| Aim of the exercise |
Every line of the records below that has the word "with" should be copied.

** Study material follows **

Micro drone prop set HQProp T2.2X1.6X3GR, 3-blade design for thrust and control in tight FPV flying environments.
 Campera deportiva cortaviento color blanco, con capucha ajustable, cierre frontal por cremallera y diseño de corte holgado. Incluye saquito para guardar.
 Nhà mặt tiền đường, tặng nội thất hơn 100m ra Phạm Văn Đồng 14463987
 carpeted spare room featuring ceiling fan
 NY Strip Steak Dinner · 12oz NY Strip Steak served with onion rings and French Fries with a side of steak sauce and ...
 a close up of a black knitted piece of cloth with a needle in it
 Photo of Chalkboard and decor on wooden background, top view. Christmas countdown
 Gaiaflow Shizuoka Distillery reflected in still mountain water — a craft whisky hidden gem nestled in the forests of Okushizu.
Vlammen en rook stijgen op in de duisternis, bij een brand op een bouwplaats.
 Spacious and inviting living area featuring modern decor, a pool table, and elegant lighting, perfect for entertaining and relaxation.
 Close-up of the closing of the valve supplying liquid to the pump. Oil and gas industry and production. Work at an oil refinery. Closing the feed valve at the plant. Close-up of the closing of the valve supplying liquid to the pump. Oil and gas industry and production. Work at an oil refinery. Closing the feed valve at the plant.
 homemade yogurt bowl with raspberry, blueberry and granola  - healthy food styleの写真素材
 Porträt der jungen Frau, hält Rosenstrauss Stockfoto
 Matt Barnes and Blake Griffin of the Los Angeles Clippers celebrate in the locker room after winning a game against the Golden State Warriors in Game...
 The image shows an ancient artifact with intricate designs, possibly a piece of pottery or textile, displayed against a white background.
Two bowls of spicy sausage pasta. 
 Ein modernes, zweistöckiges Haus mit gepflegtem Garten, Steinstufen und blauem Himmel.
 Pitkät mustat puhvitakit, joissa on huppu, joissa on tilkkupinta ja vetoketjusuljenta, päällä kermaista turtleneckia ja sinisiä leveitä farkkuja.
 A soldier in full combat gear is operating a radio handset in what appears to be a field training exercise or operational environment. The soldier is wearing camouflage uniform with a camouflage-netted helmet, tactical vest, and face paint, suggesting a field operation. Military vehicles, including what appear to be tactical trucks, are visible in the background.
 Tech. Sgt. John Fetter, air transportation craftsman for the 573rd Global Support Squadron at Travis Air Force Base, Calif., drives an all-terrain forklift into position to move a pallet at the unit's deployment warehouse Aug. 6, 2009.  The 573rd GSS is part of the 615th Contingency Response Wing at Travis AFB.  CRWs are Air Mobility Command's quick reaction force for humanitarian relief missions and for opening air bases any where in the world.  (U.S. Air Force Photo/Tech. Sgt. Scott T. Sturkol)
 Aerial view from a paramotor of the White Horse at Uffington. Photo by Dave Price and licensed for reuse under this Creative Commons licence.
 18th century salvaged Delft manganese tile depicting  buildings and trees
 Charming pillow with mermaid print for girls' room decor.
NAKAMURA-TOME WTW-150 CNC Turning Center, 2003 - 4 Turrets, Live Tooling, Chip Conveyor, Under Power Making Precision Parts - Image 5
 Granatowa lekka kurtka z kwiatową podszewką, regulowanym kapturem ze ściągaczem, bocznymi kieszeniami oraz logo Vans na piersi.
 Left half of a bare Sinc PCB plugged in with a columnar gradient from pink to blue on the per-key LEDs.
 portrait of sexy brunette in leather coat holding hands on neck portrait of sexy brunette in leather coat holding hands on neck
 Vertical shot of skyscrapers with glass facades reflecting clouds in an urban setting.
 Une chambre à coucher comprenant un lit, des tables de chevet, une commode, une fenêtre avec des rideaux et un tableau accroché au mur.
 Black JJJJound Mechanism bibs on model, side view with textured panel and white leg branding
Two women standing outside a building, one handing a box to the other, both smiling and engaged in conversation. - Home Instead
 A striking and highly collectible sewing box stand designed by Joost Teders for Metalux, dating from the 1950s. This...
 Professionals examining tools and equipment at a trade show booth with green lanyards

** End of Study material **

| Response to the task |
 NY Strip Steak Dinner · 12oz NY Strip Steak served with onion rings and French Fries with a side of steak sauce and ...
 a close up of a black knitted piece of cloth with a needle in it
 homemade yogurt bowl with raspberry, blueberry and granola  - healthy food styleの写真素材
 The image shows an ancient artifact with intricate designs, possibly a piece of pottery or textile, displayed against a white background.
 A soldier in full combat gear is operating a radio handset in what appears to be a field training exercise or operational environment. The soldier is wearing camouflage uniform with a camouflage-netted helmet, tactical vest, and face paint, suggesting a field operation. Military vehicles, including what appear to be tactical trucks, are visible in the background.
 Charming pillow with mermaid print for girls' room decor.
 Left half of a bare Sinc PCB plugged in with a columnar gradient from pink to blue on the per-key LEDs.
 Vertical shot of skyscrapers with glass facades reflecting clouds in an urban setting.
 Black JJJJound Mechanism bibs on model, side view with textured panel and white leg branding
 Professionals examining tools and equipment at a trade show booth with green lanyards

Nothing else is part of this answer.